There are no shirt sizes big enough for these guys

  • Tuesday, August 26, 2014
  • 0

I cannot help myself, the holiday village where I go with my family, plus in laws, immediately suggests itself to me as one of the grimmest WW2 Stalag Luft POW camps. The gates are high, forbidding and stone and the security guards have voices that can crack rocks. They have shaven heads, big bellies and rippling biceps. There are no shirt sizes big enough for these guys, collars, sleeves and buttons creak under the immense pressure of the flesh they contain. The institutionalised feel continues as we stand in a long line for processing before receiving a glittery pass featuring a smiling mermaid. This must be shown to gain access to any attraction which is marginally more appealing than the laundrette.

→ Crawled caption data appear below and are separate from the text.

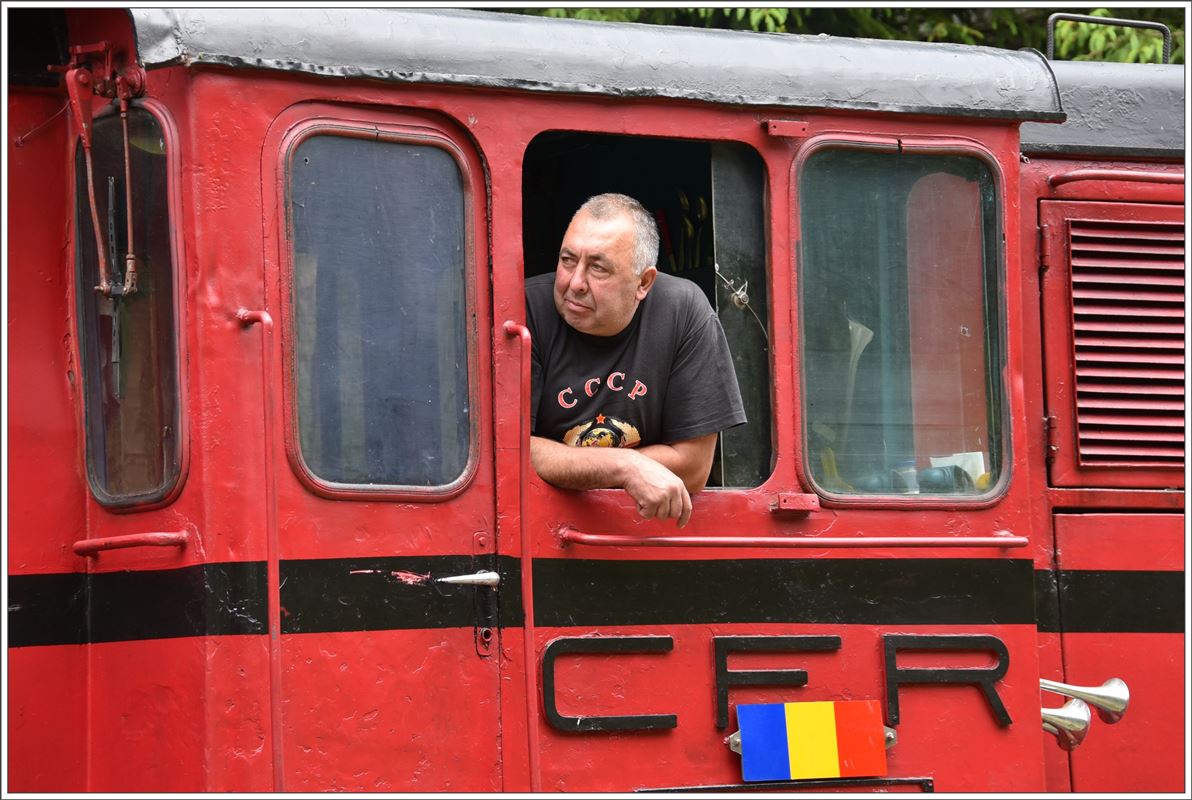 Lokführer Barsan macht sich bereit zur Rückfahrt nach Viseu de Sus. Die Talfahrt ist ein leichtes Spiel für die 87-0015-5, zumal an einem Montag keine Drehschemelwagen mit Langholz mitgenommen werden. Bis zu 30 solcher Langholzwagen mit je zwei Drehschemeln  bringen die Loks an anderen Tagen hinunter nach Viseu. (12.06.2017)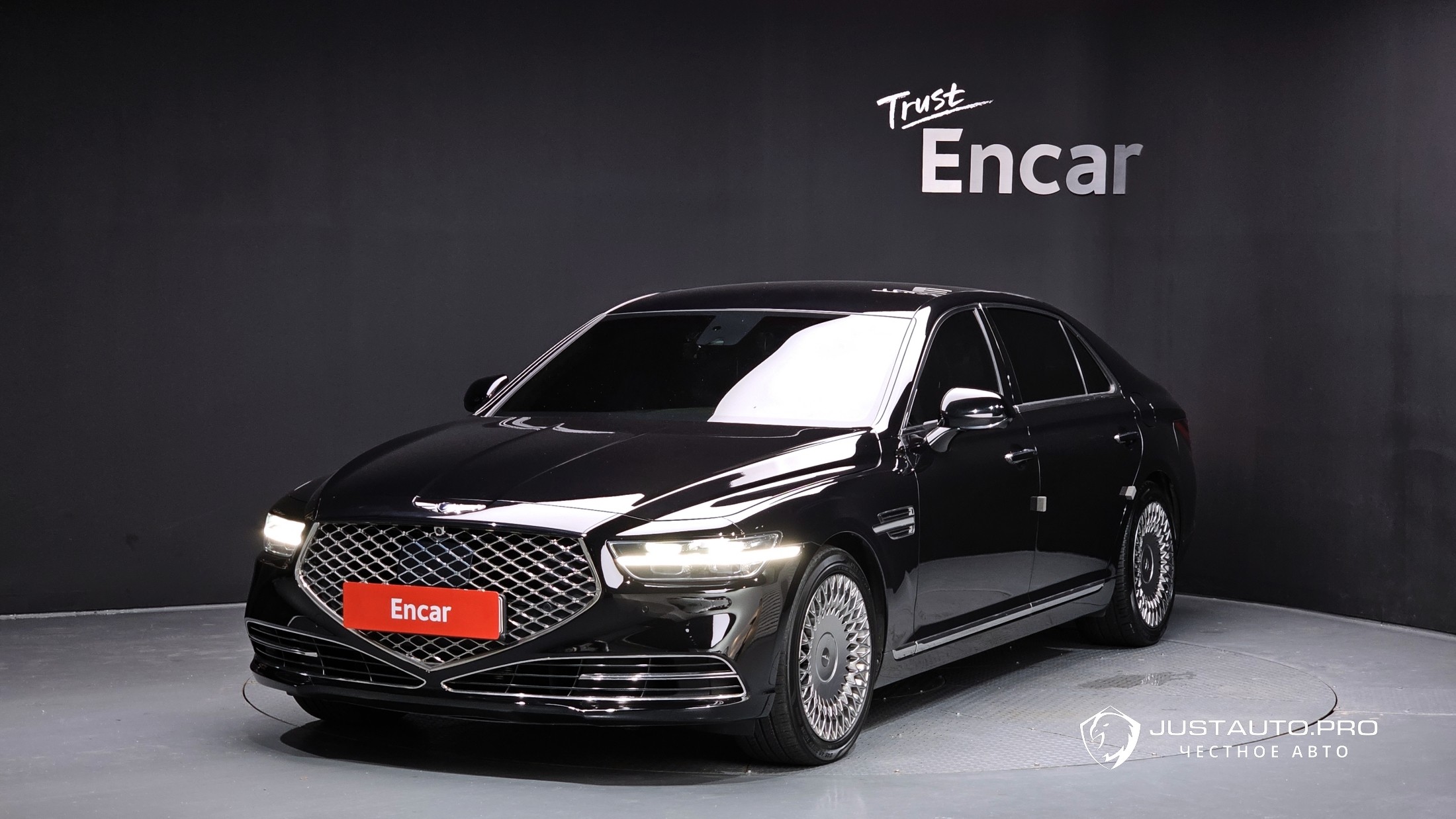 Автомобиль Genesis G90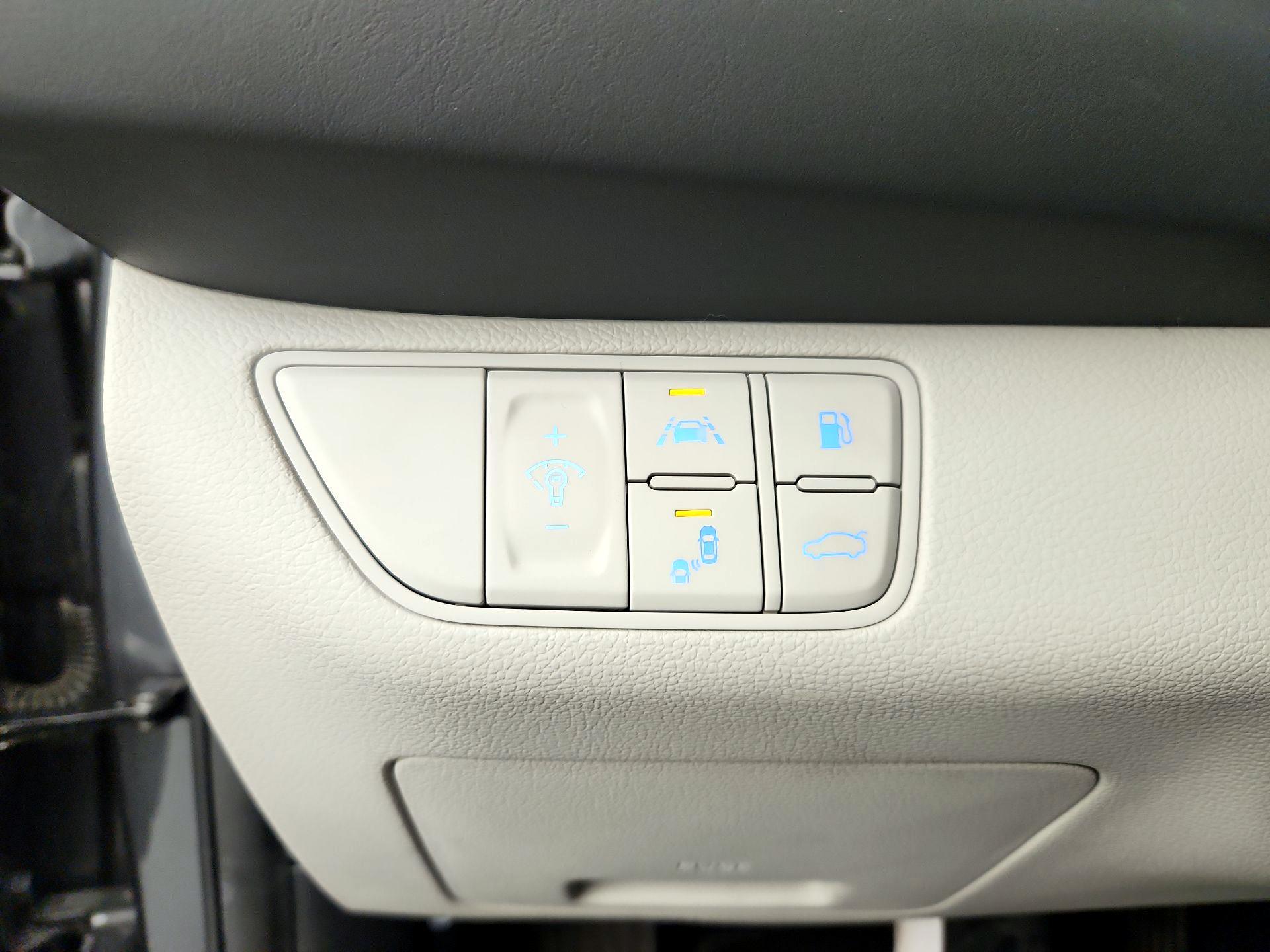 Thumbnail: 2019 Genesis G70 - 13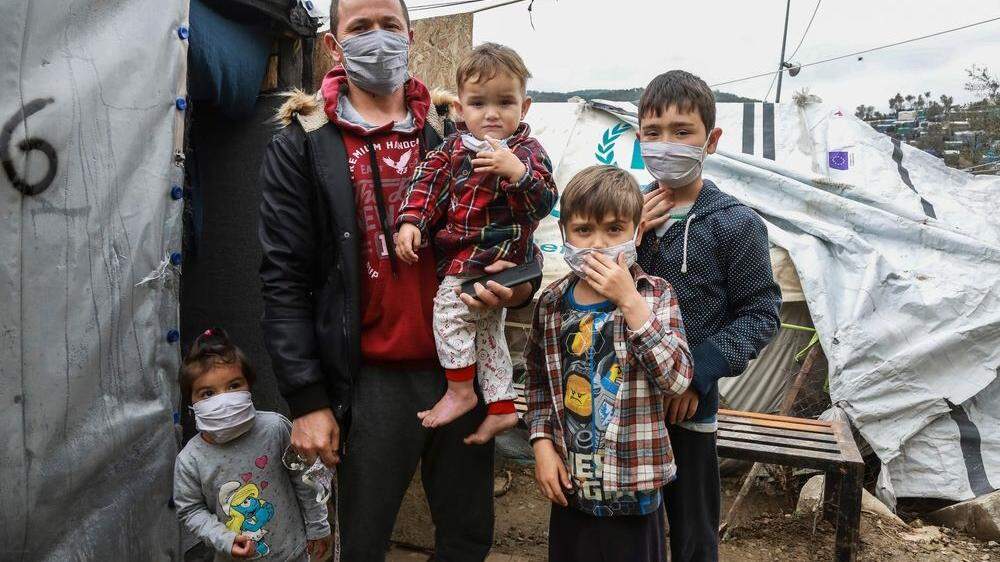 In den Flüchtlingslagern in Griechenland kann sich das Virus fast ungehindert ausbreiten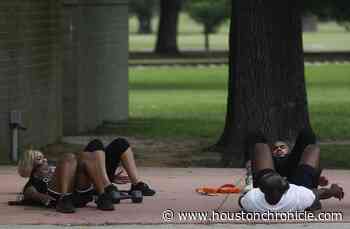 Group fitness meetups continue in Houston parks in spite of coronavirus pandemic - Houston Chronicle
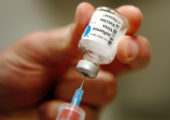 A nurse prepares an injection of the influenza vaccine at Massachusetts General Hospital in Boston, Massachusetts January 10, 2013.  With flu cases in this city up tenfold from last year, the mayor of Boston declared a public health emergency January 9 as authorities around the United States scrambled to cope with a rising number of patients.   REUTERS/Brian Snyder    (UNITED STATES - Tags: HEALTH SOCIETY) - RTR3CANY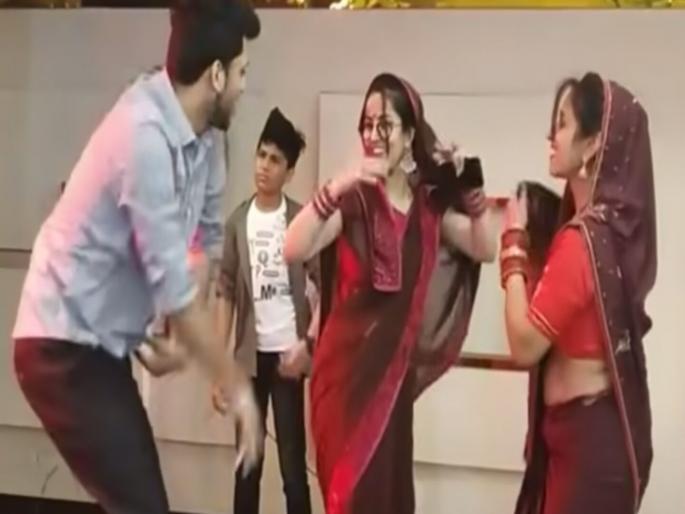 Devar Bhabhi dance video viral on youtube four lakh views | VIDEO : वहिनींना डान्स करताना पाहून डान्स फ्लोरवर आला दीर, हरयाणवी गाण्यावर घातला धुमाकूळ Devar Bhabhi dance video viral on youtube four lakh views | VIDEO : वहिनींना डान्स करताना पाहून डान्स फ्लोरवर आला दीर, हरयाणवी गाण्यावर घातला धुमाकूळ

Our accommodation is a rectangular plywood box laughably described on the website as a caravan which is set amongst row upon row upon row of identical plywood boxes. Under these circumstances there is only one option, escape. Tunelessly whistling the theme from the movie I use a spoon and my head torch to tunnel from under the shower of the caravan to beyond the perimeter fence. My escape kit is simple, my running shorts, technical tee, mobile phone, lint encrusted slab of chocolate and my Vibrams. I leave the glittery pass behind. Outside it is a trail runners paradise, miles and miles of pathways crunching over shingle beach, snaking over seawall, wetland and field. Halfway through my run a moment comes when I stop, spent and sunk in swampy green bog and I feel a shift inside myself. (That's shift with an F Jerry) These shifts are rare and the increment can be small, they are a moment of emotional realignment, a breeze of the soul parting the veil for a heartbeat. Working my way back to firmer ground and the path I stood and looked at the vast space around me and up into the great vault of heaven above. I am not normally loud or demonstrative but I felt such a surge of happiness and freedom that I let out what Walt Whitman the American poet described as a barbaric yawp, part battle cry and part exultation, loud, heartfelt and delivered from the absolute centre of myself. I think what I learnt was this: freedom reignites and expands me. It allows me to rediscover myself and regenerate. It gives me eyes. I cannot keep living by template because it stifles creativity and I turn inwards and die. I must escape. I must.
Footnote: Poetic license has been applied to the holiday village. It was excellent. I drank too much Mexican Beer.